**Goal of the exercise**
Take the material below and output exactly the run of lines from the one containing "Mattel Barbie Polypropylene" down to the one containing "Pebeo ファンタジープリズム45ml NO.25パールバイオレット", with both included.

**Dataset extract**
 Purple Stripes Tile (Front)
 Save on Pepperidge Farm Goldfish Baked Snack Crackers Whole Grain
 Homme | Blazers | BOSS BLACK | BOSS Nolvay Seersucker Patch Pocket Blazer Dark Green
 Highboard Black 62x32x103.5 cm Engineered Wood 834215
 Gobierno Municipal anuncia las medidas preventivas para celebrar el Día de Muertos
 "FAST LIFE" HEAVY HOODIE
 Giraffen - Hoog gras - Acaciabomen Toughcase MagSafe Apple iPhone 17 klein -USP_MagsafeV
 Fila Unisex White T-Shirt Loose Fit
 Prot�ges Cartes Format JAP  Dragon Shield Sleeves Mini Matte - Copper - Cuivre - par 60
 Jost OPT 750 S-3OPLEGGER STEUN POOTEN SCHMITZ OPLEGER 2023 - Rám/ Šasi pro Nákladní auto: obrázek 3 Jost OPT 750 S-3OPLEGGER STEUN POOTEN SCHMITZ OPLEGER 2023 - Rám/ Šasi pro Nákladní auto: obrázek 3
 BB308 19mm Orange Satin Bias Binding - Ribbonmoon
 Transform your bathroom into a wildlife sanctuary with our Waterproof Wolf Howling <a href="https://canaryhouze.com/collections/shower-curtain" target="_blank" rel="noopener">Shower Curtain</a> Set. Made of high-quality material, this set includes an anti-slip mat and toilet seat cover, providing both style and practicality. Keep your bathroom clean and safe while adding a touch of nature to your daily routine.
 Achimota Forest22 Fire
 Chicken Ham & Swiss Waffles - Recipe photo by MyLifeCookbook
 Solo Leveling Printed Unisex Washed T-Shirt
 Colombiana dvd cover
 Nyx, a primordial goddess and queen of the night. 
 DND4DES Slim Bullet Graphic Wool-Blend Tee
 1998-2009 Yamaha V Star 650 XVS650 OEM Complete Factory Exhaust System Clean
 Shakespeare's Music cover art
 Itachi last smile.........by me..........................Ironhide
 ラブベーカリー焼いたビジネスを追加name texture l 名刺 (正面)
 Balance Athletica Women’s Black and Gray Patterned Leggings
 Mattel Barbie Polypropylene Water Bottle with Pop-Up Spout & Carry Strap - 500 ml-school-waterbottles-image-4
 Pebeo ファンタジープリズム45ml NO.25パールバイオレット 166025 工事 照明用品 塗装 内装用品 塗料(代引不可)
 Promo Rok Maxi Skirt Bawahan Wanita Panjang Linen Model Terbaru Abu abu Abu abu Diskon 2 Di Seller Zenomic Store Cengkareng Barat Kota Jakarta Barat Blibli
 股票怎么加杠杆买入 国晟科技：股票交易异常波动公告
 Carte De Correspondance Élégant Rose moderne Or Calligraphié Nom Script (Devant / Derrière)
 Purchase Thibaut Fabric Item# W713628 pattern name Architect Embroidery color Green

**Written reply**
 Mattel Barbie Polypropylene Water Bottle with Pop-Up Spout & Carry Strap - 500 ml-school-waterbottles-image-4
 Pebeo ファンタジープリズム45ml NO.25パールバイオレット 166025 工事 照明用品 塗装 内装用品 塗料(代引不可)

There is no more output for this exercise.